_Exercise inputs_

━━━━

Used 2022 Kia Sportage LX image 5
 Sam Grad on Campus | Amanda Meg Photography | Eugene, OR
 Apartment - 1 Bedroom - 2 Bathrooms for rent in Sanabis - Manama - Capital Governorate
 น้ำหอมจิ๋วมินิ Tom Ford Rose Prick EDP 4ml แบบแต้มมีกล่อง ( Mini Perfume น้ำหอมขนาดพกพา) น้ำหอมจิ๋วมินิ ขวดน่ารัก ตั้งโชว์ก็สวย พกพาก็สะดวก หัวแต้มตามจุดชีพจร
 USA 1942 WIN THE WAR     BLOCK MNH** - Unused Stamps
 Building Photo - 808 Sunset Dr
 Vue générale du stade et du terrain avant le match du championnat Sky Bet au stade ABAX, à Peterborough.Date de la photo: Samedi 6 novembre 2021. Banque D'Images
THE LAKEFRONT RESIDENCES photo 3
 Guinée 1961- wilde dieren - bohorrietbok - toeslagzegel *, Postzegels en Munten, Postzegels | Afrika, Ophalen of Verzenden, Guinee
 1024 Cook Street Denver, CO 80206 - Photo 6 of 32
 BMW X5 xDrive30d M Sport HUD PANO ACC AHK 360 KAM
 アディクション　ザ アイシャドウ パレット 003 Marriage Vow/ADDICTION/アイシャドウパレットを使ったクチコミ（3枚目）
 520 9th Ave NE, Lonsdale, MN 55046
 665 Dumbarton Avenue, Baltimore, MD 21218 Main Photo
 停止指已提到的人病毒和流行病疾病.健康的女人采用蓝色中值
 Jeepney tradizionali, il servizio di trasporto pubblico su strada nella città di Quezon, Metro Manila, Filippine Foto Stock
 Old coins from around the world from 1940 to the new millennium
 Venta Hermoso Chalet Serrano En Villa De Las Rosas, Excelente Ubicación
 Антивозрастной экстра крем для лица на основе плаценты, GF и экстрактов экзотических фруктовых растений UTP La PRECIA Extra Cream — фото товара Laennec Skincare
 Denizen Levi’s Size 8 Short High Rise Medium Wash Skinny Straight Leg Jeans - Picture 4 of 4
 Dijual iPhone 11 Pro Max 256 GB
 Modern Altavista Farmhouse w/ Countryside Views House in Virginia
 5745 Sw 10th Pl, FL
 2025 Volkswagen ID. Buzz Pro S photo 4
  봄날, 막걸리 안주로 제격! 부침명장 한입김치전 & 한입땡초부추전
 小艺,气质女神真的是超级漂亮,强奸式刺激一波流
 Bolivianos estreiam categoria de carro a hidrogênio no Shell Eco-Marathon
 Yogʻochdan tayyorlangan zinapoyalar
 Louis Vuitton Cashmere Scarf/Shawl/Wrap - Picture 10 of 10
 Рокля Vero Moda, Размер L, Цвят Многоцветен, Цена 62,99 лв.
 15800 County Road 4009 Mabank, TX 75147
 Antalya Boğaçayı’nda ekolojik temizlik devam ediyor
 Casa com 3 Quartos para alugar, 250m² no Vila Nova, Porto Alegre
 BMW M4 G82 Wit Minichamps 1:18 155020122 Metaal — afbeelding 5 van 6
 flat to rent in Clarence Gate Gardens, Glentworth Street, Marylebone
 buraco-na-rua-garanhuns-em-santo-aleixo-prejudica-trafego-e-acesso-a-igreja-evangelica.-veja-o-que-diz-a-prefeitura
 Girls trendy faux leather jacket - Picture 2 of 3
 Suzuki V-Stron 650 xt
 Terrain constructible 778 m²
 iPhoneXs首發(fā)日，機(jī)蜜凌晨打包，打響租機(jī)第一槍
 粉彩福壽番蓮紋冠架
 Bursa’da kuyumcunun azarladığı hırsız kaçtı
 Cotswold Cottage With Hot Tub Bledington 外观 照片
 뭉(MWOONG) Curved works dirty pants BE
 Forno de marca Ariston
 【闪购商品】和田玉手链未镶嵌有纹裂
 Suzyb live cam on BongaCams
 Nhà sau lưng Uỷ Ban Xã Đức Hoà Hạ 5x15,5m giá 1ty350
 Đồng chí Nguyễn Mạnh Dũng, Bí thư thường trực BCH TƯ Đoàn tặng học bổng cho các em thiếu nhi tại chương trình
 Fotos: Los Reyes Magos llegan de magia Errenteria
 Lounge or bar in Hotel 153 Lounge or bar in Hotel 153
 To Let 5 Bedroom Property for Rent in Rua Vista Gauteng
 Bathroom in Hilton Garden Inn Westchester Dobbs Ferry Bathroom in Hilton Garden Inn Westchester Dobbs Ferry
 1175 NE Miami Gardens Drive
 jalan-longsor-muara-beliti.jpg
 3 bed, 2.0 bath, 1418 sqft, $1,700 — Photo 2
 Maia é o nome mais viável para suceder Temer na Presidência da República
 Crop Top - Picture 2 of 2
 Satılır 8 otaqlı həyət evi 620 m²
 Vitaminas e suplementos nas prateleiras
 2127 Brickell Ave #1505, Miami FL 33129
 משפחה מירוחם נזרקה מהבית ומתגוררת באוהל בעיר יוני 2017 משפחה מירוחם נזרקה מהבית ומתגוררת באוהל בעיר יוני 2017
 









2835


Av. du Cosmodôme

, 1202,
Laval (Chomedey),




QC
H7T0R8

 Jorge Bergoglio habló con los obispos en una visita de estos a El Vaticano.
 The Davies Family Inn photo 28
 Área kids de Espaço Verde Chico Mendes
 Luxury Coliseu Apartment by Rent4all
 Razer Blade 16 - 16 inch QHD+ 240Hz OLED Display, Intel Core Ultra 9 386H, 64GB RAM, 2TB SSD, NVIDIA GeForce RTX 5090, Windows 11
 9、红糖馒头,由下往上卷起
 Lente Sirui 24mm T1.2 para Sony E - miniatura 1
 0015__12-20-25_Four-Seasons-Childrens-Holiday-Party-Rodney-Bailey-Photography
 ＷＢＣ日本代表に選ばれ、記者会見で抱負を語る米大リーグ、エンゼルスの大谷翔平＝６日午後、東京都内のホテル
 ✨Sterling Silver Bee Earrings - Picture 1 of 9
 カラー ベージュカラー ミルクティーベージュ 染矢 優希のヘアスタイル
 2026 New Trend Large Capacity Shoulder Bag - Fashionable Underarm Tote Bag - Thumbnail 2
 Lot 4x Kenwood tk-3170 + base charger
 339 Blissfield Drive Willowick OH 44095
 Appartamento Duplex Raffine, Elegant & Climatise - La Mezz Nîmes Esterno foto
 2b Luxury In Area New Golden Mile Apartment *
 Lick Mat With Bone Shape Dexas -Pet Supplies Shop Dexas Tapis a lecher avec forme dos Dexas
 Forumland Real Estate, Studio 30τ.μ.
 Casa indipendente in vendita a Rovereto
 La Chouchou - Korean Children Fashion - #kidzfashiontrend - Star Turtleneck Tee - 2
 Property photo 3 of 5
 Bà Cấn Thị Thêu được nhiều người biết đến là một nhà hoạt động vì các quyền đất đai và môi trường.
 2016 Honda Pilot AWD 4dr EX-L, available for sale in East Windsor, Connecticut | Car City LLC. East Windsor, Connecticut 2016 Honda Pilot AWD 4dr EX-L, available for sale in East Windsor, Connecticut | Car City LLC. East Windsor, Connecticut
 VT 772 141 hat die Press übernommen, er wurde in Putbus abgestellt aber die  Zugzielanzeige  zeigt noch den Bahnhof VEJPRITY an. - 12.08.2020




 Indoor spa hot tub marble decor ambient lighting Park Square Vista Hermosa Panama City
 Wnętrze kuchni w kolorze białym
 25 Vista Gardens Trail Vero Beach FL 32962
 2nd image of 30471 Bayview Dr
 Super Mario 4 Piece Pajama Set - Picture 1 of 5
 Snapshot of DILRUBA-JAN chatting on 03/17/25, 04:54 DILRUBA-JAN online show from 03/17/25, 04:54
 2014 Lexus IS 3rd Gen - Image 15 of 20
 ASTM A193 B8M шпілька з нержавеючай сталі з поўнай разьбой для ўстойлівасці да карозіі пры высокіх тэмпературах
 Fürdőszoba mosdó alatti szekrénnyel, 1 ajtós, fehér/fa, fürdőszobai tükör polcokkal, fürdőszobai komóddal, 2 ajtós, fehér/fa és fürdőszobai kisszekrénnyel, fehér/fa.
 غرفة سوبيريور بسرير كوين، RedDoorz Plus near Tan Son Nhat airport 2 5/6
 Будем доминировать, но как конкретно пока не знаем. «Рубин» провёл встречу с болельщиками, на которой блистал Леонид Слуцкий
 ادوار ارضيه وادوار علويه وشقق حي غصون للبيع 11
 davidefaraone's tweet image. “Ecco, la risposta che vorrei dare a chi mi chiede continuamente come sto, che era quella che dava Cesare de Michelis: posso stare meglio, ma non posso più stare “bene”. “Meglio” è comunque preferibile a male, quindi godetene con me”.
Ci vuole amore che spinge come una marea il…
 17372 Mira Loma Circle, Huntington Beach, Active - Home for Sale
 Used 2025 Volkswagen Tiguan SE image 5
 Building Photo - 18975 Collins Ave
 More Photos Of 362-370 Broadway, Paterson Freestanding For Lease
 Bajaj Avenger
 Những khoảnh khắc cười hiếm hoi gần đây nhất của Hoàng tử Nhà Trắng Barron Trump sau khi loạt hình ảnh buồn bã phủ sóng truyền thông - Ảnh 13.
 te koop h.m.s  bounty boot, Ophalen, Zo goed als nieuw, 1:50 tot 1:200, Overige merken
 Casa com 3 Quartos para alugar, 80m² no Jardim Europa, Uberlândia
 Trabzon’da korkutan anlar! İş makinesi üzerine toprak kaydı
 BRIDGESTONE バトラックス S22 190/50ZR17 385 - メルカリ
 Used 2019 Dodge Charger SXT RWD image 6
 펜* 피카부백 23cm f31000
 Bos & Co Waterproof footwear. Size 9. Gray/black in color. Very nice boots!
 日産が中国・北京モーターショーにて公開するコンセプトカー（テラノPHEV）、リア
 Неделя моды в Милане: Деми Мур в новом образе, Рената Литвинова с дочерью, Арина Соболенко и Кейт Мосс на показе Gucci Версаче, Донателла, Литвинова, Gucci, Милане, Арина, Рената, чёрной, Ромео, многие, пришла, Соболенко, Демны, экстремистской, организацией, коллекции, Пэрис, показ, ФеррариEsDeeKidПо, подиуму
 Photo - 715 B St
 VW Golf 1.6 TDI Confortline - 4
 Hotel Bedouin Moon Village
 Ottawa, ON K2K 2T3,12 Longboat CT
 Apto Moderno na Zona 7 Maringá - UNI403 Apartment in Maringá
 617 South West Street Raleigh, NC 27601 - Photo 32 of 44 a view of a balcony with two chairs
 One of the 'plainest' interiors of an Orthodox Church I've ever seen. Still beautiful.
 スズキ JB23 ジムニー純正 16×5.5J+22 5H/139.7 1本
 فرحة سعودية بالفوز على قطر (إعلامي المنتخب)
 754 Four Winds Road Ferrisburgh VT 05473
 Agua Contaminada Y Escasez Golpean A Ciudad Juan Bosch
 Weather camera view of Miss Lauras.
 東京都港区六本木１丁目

━━━━

_Description of the task_
Would you count the lines in the data that contain "Apartment" and answer with only the number?

_Your solution_
4